On a vu précédemment le musicien, dans la préface du poème, signaler comme une des plus grandes beautés, la plus grande peut-être, de la composition de Rojas, le caractère sculptural du langage, étonnamment favorable à la magnifique exaltation de la poésie par la musique, du verbe par le son. Mais il est difficile d’imaginer, sans connaître la partition, le profit, non moins étonnant, que M. Pedrell a tiré de cette faveur ; comment, de combien de manières, en combien de rencontres, il a su non seulement appliquer, mais ajouter la musique à la parole et multiplier au dedans, autour de cette dernière, par le contact avec l’autre, la force, la lumière, la flamme de la vérité et de la vie. Dans la Celestina, l’union ou plutôt l’unité, l’identité de la musique et de la parole est admirable. Elle l’est d’autant plus, que presque toujours ici la parole à mettre en musique était prose, et prose de grand écrivain, par-là capable peut-être de servir, de porter la musique, peut-être aussi de peser sur elle et de l’écraser. Mais non, l’œuvre de « magnifique exaltation » que M. Pedrell avait prévue s’est partout accomplie.

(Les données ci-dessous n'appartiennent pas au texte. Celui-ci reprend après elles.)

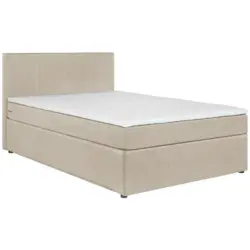 Boxbettt mit Topper 140/200 cm in Sandfarben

Et quelquefois si aisément, j’allais dire à si bon compte, au moyen de si peu de notes, ajoutant à si peu de mots tant de grandeur et de beauté ! Du haut de l’échelle fatale, vient de tomber Caliste. Son petit page a relevé son corps inanimé, puis, appelant Lucrèce, la suivante de Mélibée : « Mon seigneur est mort. Dis-le à sa triste amie. Diselo a su triste arniga. » Et la sonorité des syllabes espagnoles, l’intonation brisée, puis traînée de la phrase musicale, l’harmonie déchirante, enfin le rythme funèbre, enferme en cinq mesures, comme dans un raccourci verbal et sonore, l’immensité de la douleur. Quelques pages après, voici la même puissance avec encore plus de brièveté. Mélibée, atteignant le sommet de la funeste tour, se penche et s’écrie : « Comme c’est haut ici ! Muy alto es esto ! » Rien de plus, et cette fois il suffit de deux notes, mais séparées, déchirées brusquement par un large intervalle, pour mesurer, en même temps que la profondeur de l’abîme, l’horreur instinctive de la chute et de la mort.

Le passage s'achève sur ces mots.